Launched in partnership with Deloitte Access Economics at a media event in Sydney yesterday, the Australian Securities Exchange (ASX) “2017 Australian Investor Study” examined key megatrends and their impact on the Australian investment landscape.

It also explored risk attitudes, the use of diversification among investors as well as their perspective of new forms of technology and innovation such as the growing proliferation of robo-advice tools.

In a survey of 4000 Australian residents, the report found an increasingly do-it-yourself attitude among investors in the way they research and make decisions with 48 per cent relying on internet searches for information and 45 per cent using professional financial advisers.

In addition, 60 per cent of Australians hold investments outside their institutional super fund, with these investments typically comprising cash, property and on-exchange investments.

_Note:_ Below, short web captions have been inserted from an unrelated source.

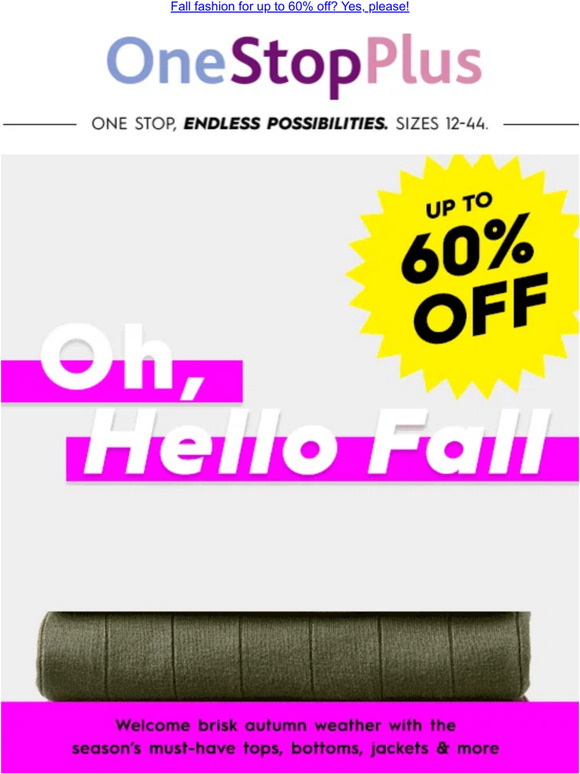 One Stop Plus 📧You've got mail! A note from your closet Milled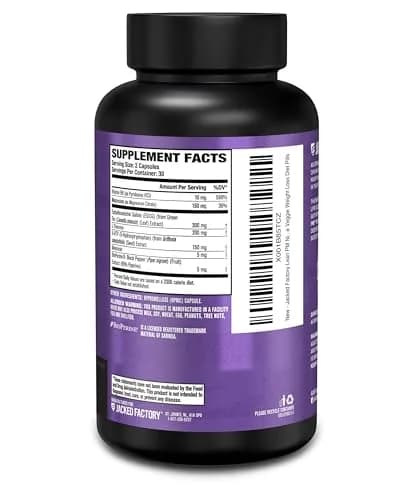 Jacked Factory Burn-XT + Lean-PM Kit 120 Capsules | 24-Hour Body Composition & Metabolism Support Stack thumbnail 8
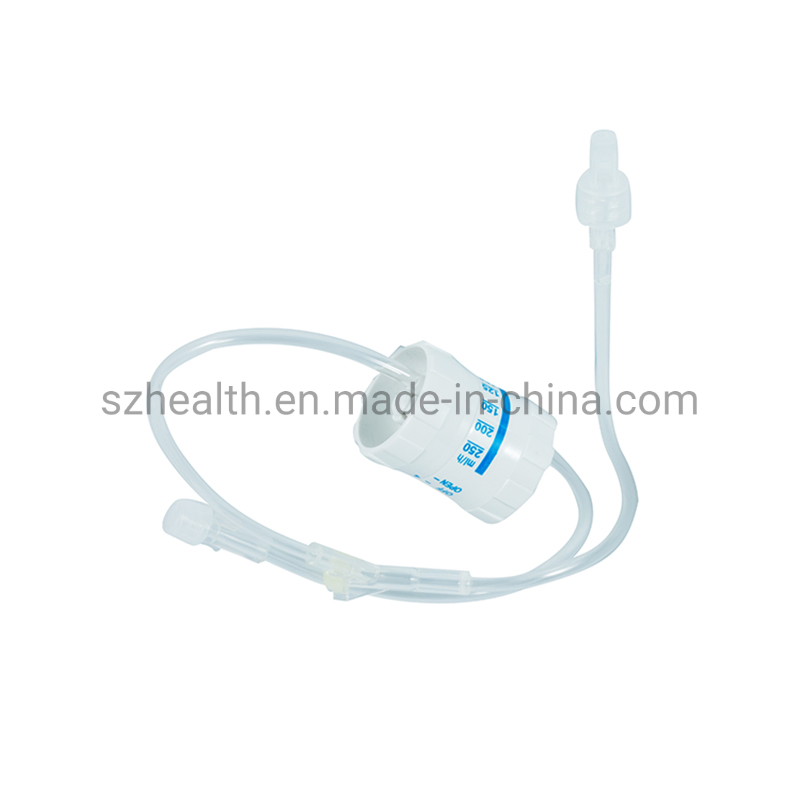 Juego de infusión IV desechable estéril con reguladores de flujo IV y tubo de extensión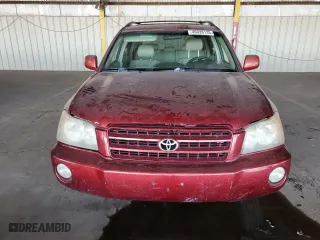 2001 Toyota Highlander with VIN JTEGF21A810010885, listed as a Copart auction lot 46028135 with 193,446 mi miles and Clean Title. Bid and sale history available at carsss.com. Image 5.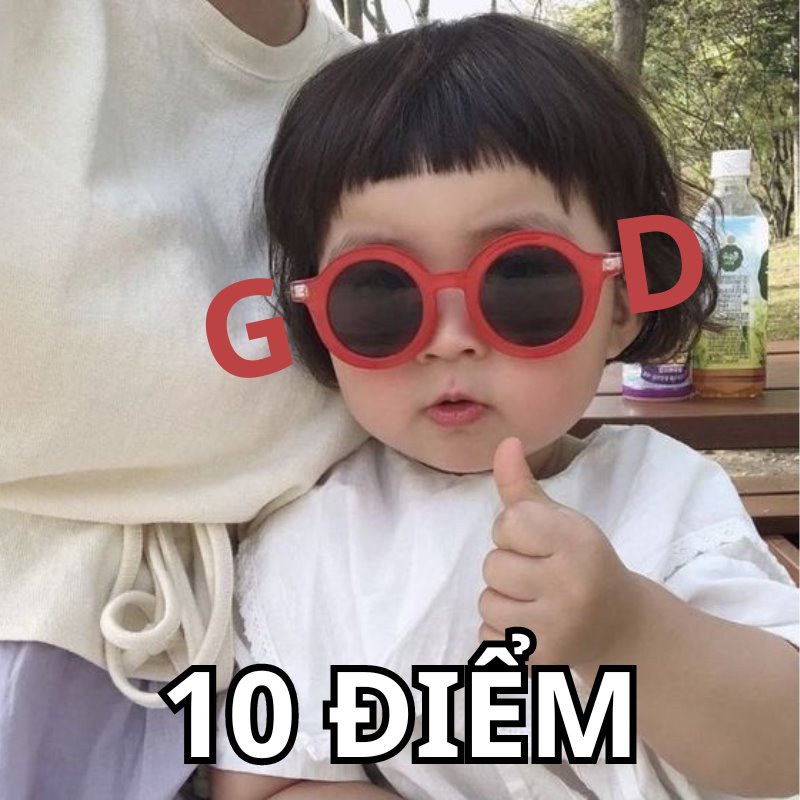 Meme bé 10 điểm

While the proportion of younger Australians, 18-to-24 year olds, investing has doubled from 10 per cent to 20 per cent over the past five years, the report noted the potential for robo-advice to make advice provisioning “faster and more easily customised” could change the investment landscape further by providing increased convenience and better value for investors.

Speaking to financialobserver, Deloitte Access Economics director Mike Thomas noted the increasingly self-directed nature of retail investors and preference for digital platforms had prompted an archetypal shift in their behavioural demands and attributes – particularly among millennial investors – which had significant implications for the future of advice delivery and provisioning.

“Investors want advice but still want to make the decisions themselves once they have that advice and so if robo-advice is another way of delivering that advice to them, there’s still the next step of them deciding what to do with it,” Thomas said.

While robo-advice was still in its relative infancy in Australia, Thomas noted its disruptive capacity to change how advice was tailored to an individual customer’s needs, receiving it when they want it and in a more accessible manner.

“If robo-advice can be done [well], it [will] save costs on what a traditional adviser might charge but also be available to them 24/7,” Thomas explained.

“It’s an area where people are still feeling their way a bit, obviously [the industry is] wanting to have the right legal safeguards with all of this [digital advice] technology but it’s certainly something that looks likely to grow and will continue to grow in the foreseeable future.”

The survey also found that young investors were typically more risk-averse with 81 per cent of investors under 35 seeking guaranteed or stable investment returns, while 41 per cent of investors over the age of 55 were comfortable with some variability in their returns.